Surtout, grâce au Lac Supérieur, Duluth a de l'eau en énorme quantité. Et "l'eau douce, c'est le nouveau pétrole", selon M. Keenan.
Des médias s'enthousiasment pour le concept de "refuge climatique". Sur place, la majorité des habitants interrogés disent être prêts à ouvrir grand les bras.
"Je pense que c'est merveilleux !", s'exclame Lezlie Oachs, retraitée de 65 ans. Mais il faut que ces personnes "s'habituent au fait qu'il fait froid presque tout le temps", sourit-elle.
- "Optimistes du climat" -
Du côté des autorités toutefois, le ton est à la circonspection. La maire, Emily Larson, a "poliment décliné" de parler à l'AFP, mais elle a récemment dit sans détour avoir été "horrifiée" quand le nom de sa ville a commencé à circuler.

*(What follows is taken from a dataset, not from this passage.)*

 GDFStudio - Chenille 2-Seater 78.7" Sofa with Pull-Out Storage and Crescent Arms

"J'ai l'impression que nous sommes encore en train de mettre nos masques à oxygène. Nous ne sommes pas prêts à aider le passager à côté, et pourtant le climat nous presse de le faire", a-t-elle résumé lors d'une conférence en public.

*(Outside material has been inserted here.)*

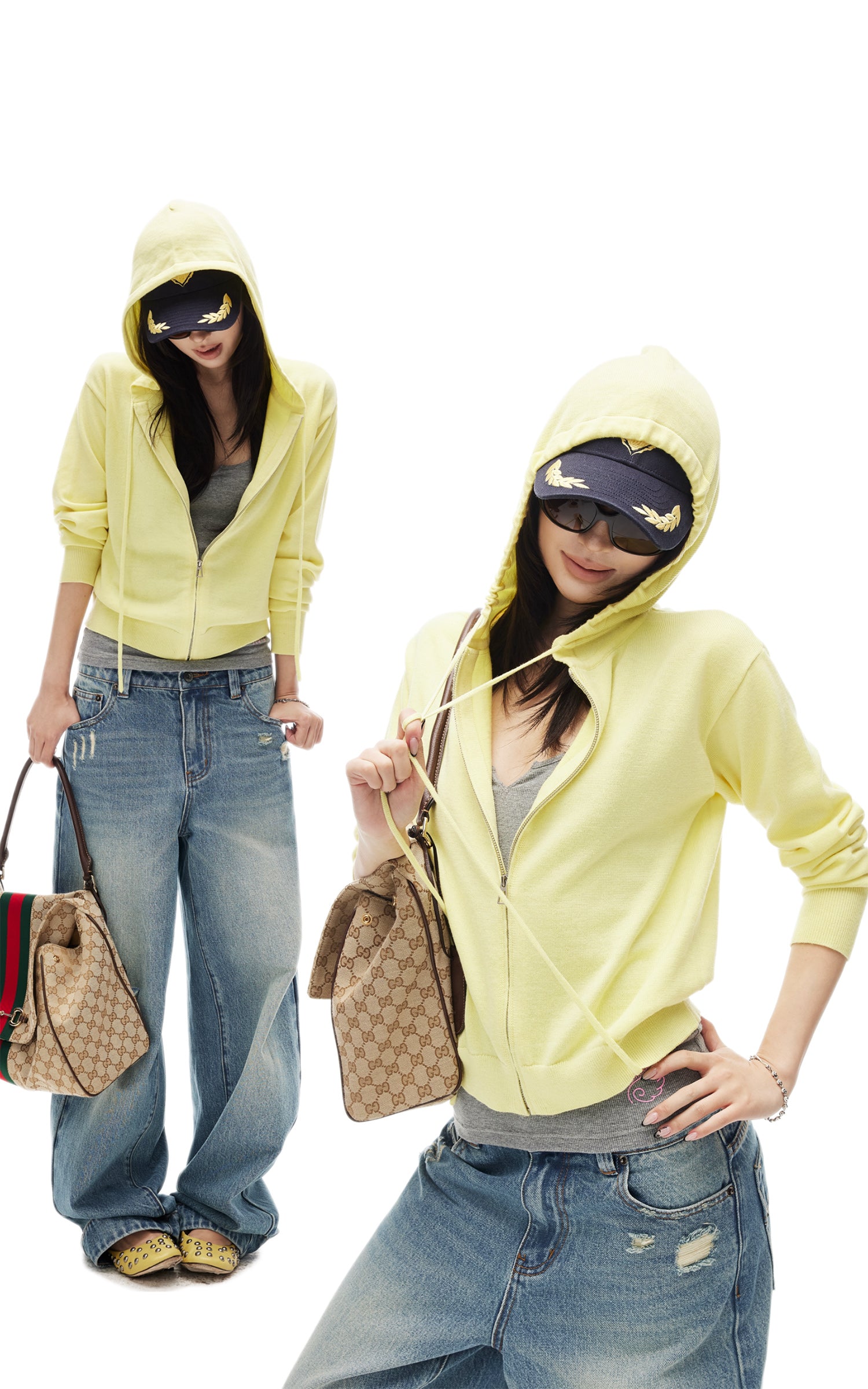 IAMXIAA Butter Yellow Knit Zip-Up Hoodie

Et elle trouverait "cynique", a-t-elle expliqué, que sa ville se développe en axant sa "stratégie marketing" sur les personnes fuyant le changement climatique.
Jesse Keenan ne cache pas sa "frustration" face à ce discours.
"Devinez quoi: les gens vont venir" de toutes les manières, lance-t-il.
Pour lui, "le défi est simple": soit la ville se prépare de manière respectueuse pour l'environnement et l'équité sociale, avec des logements et des transports adaptés; soit son développement se fera de façon classique, avec une extension vers la périphérie et une utilisation massive des voitures.
Et il est possible d'agir en amont pour éviter la gentrification - l'embourgeoisement des quartiers populaires - soutient-il.
Jesse Keenan croit fermement que "Duluth est un endroit pour les optimistes du climat", ceux qui pensent qu'il est possible de s'ajuster au bouleversement du monde tel que nous le connaissons.
Mais il prévient: si l'adaptation aux nouveaux arrivants "n'est pas bien faite, cela pourrait empirer les choses".